Smile to pay ou la nouvelle dystopie chinoise !
Chine, Reconnaissance Faciale
Le fait
Futuremart dernier magasin autonome officialisé par Alibaba le 27 avril à Hangzhou lieu de son siège, confirme la volonté de ce dernier d’imposer son digital ID par reconnaissance faciale dans son écosystème (voir Commerce Reloaded 2018).
Tout comme Amazon Go (US), Bingobox (Chine), et particulièrement Taocafé (Alibaba), les clients entrent dans le magasin, numérisent un QR code lié au système de paiement mobile Alipay, ensuite les capteurs video et RFID enregistrent les articles que les clients choisissent et facturent automatiquement le panier lorsqu’ils quittent le magasin, créant ainsi un parcours sans couture !

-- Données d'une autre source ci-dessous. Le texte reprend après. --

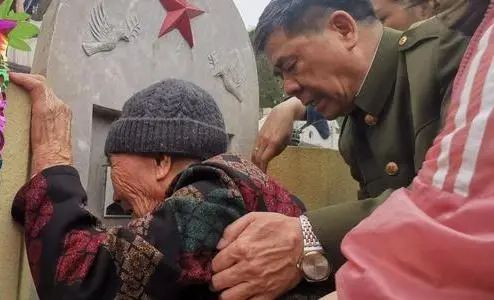 蔡朝东背着老人,志愿者一行相伴,随家属来到烈士墓前.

Last but not least Alibaba propose lors du paiement par reconnaissance faciale via la fonction « Happy Go » d’offrir des réductions à ceux qui présentent un sourire convaincant, le fameux ‘Smile to pay’ .
De son côté Tencent a dévoilé son premier magasin autonome à Shanghai le 20 janvier dernier, qui fonctionne de la même manière que Futuremart sauf que les clients utilisent WeChat Pay au lieu d’Alipay.
Pour rappel les 2 géants détiennent 90% du paiement mobile en Chine.
Comme évoqué lors de Commerce Reloaded 2018, les géants du net Chinois confirment leur volonté de combiner le retail physique et le commerce en ligne pour offrir une expérience ininterrompue basée sur le smartphone et la reconnaissance faciale.
Cette démocratisation du paiement par reconnaissance faciale est aussi portée par l’enseigne Jian 24 à Shanghai.
Le décodage
En 2017, 15,2 milliards de dollars ont été investis mondialement dans des start-ups spécialisées dans l’AI, et près de la moitié de cette somme a été portée par la Chine, contre 38% par les US (CB Insights).
Si la Chine domine le monde en termes d’investissement dans l’IA, le gouvernement et les BATX en sont les principaux dépositaires.
Le 20 juillet 2017, le gouvernement chinois a annoncé le lancement d’un plan de développement de l’intelligence artificielle qui pourrait faire croître la richesse nationale de 26 % d’ici à 2030.
Dans le secteur privé, Alibaba va investir 15 milliards de dollars dans l’IA, entre 2018 et 2021.
La reconnaissance faciale représente la plus grande part de l’investissement dans l’IA dont les principaux représentants nationaux sont Sensetime et Megvii (voir graphique).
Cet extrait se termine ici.